• **WHAT YOU WILL DO**
All the data that follows should be repeated exactly, without a single picture.

• **INFORMATION SHOWN**
<<<<

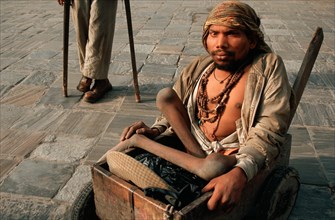 Beggars suffering from physical disabilities, handicapped persons in a street, Kathmandu, Nepal,
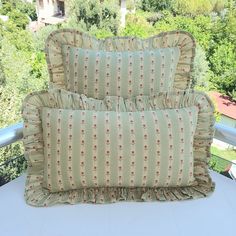 two pillows sitting on top of a white table next to a window with trees in the background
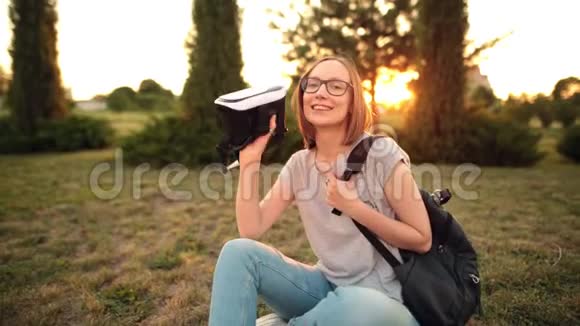 选择性关注虚拟现实眼镜在一个年轻微笑的女孩手中视频的预览图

>>>>

• **SOLUTION TO THE EXERCISE**
 Beggars suffering from physical disabilities, handicapped persons in a street, Kathmandu, Nepal,
 two pillows sitting on top of a white table next to a window with trees in the background
 选择性关注虚拟现实眼镜在一个年轻微笑的女孩手中视频的预览图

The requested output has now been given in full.